Stephen Withers
Wednesday, 13 January 2010 02:23
Business IT -
Security
Microsoft and Adobe have reminded their customers of the need to remove or replace an old version of Flash Player that shipped with Windows XP.
Windows XP shipped with Flash Player 6, which hasn't been supported since 2006. Consequently, there are known vulnerabilities in the player that remain unpatched unless a later major version of Flash Player has been installed.
It appears that there is a significant number of outdated versions of Flash Player still on XP systems, and that security researchers are still finding new vulnerabilities in the old software.
Although vendors are generally only concerned with versions that are still being supported, researchers may take the trouble to see whether their discoveries also affect old versions.

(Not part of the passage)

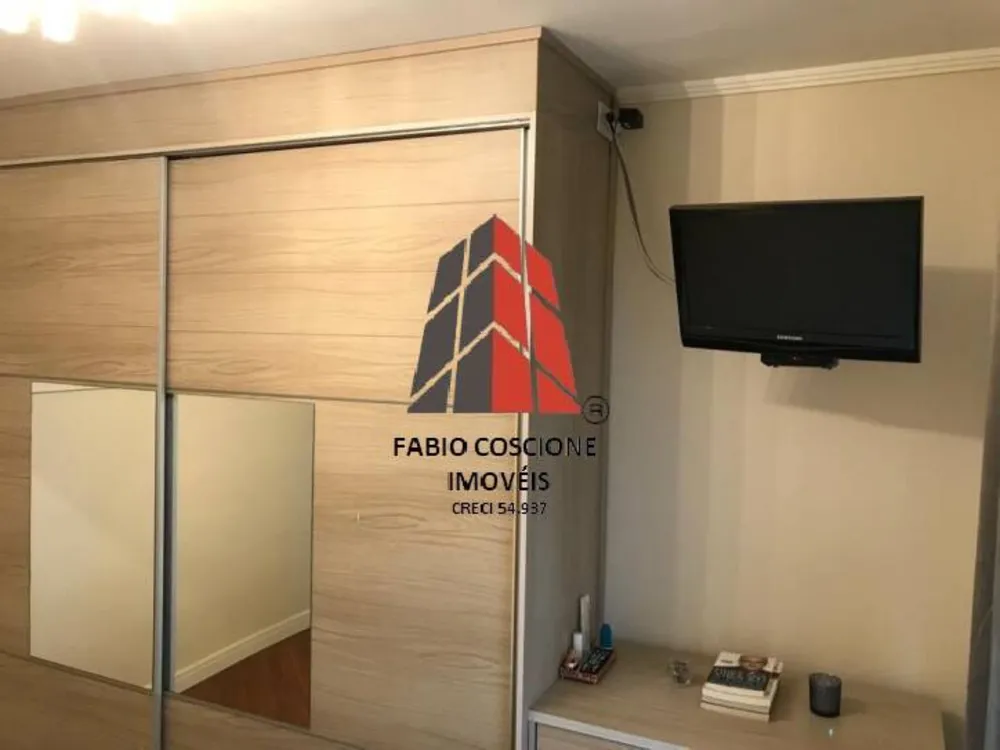 Sobrado, 3 quartos, 110 m² - Foto 7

Microsoft has issued a security advisory recommending that XP users uninstall Flash Player 6 and/or install the current version, noting "Microsoft is aware of reports of vulnerabilities in Adobe Flash Player 6 provided in Windows XP. We are not aware of attacks that try to use the reported vulnerabilities or of customer impact at this time but recommend that users install the latest version of Flash Player provided by Adobe."
David Lenoe of Adobe's product security incident response team said "Adobe recommends that users follow security best practices by updating to the latest, most secure version of Adobe Flash Player (currently version 10.0.42.34)".